Trump campaign's Hispanic outreach staffer ordered to pay $25,000 for complaining about discrimination: report

On Monday, BuzzFeed News reported that Jessica Denson, a staffer on President Donald Trump's campaign who helped run Hispanic outreach, was ordered in a secret arbitration proceeding to pay a five-figure settlement to the campaign — for filing an antidiscrimination lawsuit against them:
The award to the Trump campaign came out of arbitration — nonpublic proceedings the campaign pursued against Denson after she filed two lawsuits against it. Denson was ordered to pay $25,000 to the campaign in October, but the award wasn’t made public until Denson’s lawyers included it in court filings in New York County Supreme Court in late November. The documents obtained by BuzzFeed News this week were not filed electronically.
The award payment is part of a complicated, ongoing legal battle between the Trump campaign and Denson, who, according to her court filings, worked on the campaign as a national phone bank administrator and as director of Hispanic engagement. Denson sued the campaign in New York County Supreme Court in November 2017, claiming that officials discriminated against her, cyberbullied her, and were otherwise hostile toward her; it did not include any allegations against Donald Trump personally. She sought $25 million in damages.
But the Trump campaign claimed Denson’s lawsuit violated the terms of her nondisclosure agreement, which prohibited her from disclosing confidential information, disparaging the campaign, competing with the campaign, or violating its intellectual property. The NDA gave the campaign the power to take issues that arose under the agreement to arbitration, and so the Trump campaign went to the American Arbitration Association and initiated the arbitration case against Denson, which has taken place behind closed doors; she has declined to participate.

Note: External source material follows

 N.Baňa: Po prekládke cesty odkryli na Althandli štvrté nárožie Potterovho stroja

This is not the first time that the campaign has tried to silence a former staffer with a nondisclosure agreement. In 2016, the campaign sought $10 million in damages from Sam Nunberg, for allegedly leaking an argument between former campaign manager Corey Lewandowski and campaign spokeswoman Hope Hicks. Nunberg, who has given testimony to special counsel Robert Mueller as part of the Russia investigation, settled that dispute for an undisclosed amount.

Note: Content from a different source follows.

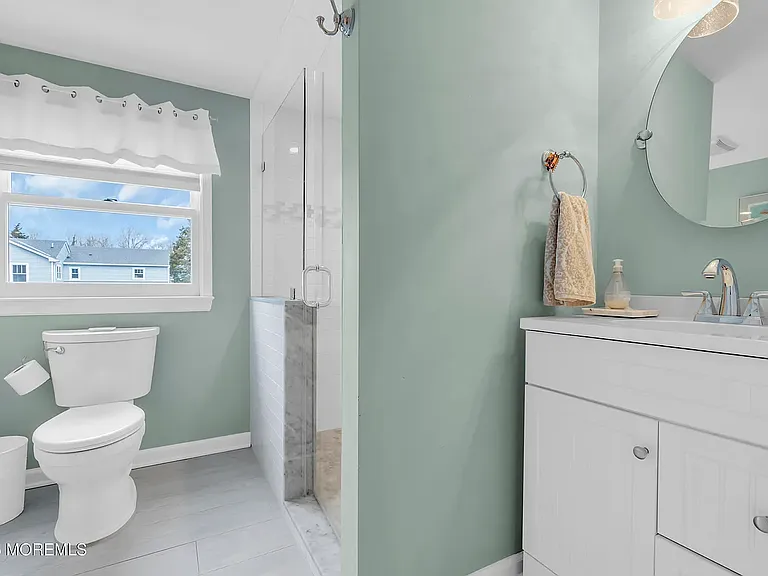 1204 Holly Pl — Photo 18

Trump's relentless use of nondisclosure agreements with subordinates is unusual. But it reflects an impulse to keep the inner workings of his empire and his personal life secret. Much more famously, Trump directed his former attorney Michael Cohen to give a $130,000 hush payment to porn star Stormy Daniels to keep her affair with the then-candidate quiet — an illegal move which has Cohen facing serious prison time and put the president himself on questionable legal ground.